__Data section__:
%%
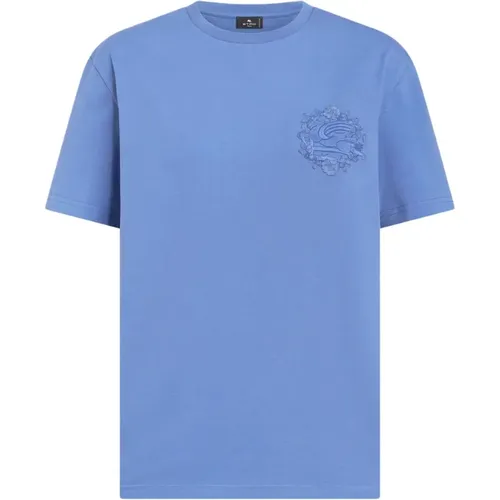 Casual Blaues T-Shirt mit Kurzen Ärmeln , Damen, Größe: L - ETRO - Modalova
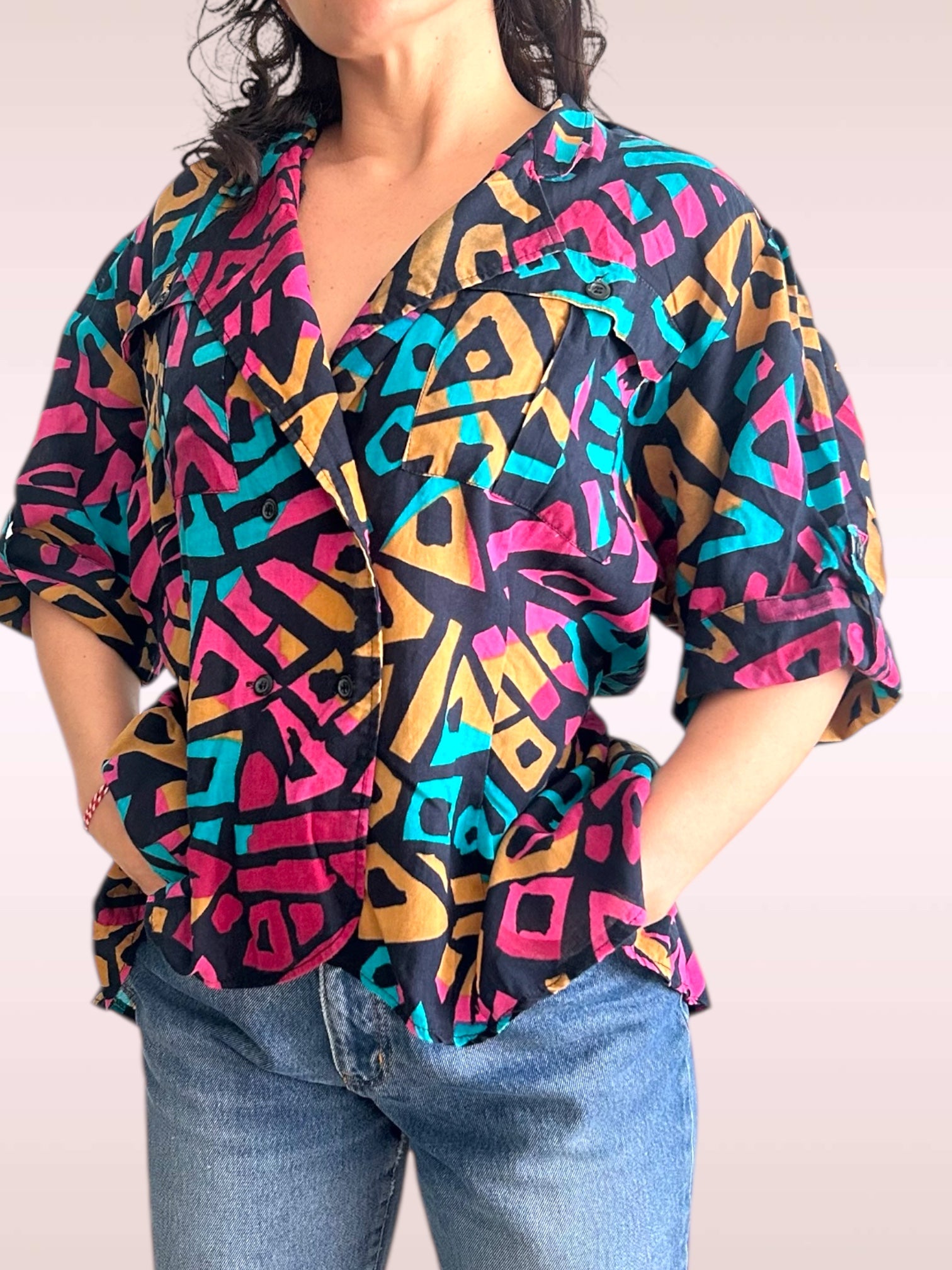 Vintage Geometric Peplum Safari Blouse
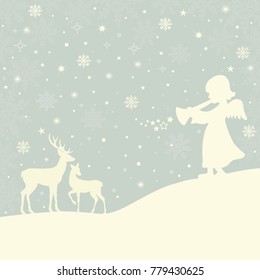 Christmas background with angel and deer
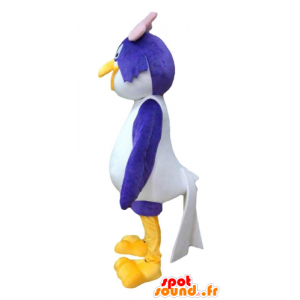 Groothandel Mascot blauwe en witte vogel met een roze strik - MASFR22686 - Mascot vogels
%%
__Work instruction__: Your task is to retype exactly, and only, the lines from the one that holds "Christmas background with angel and deer" through the end of the listing, both end lines included, without any pictures.

__Response__:
 Christmas background with angel and deer
 Groothandel Mascot blauwe en witte vogel met een roze strik - MASFR22686 - Mascot vogels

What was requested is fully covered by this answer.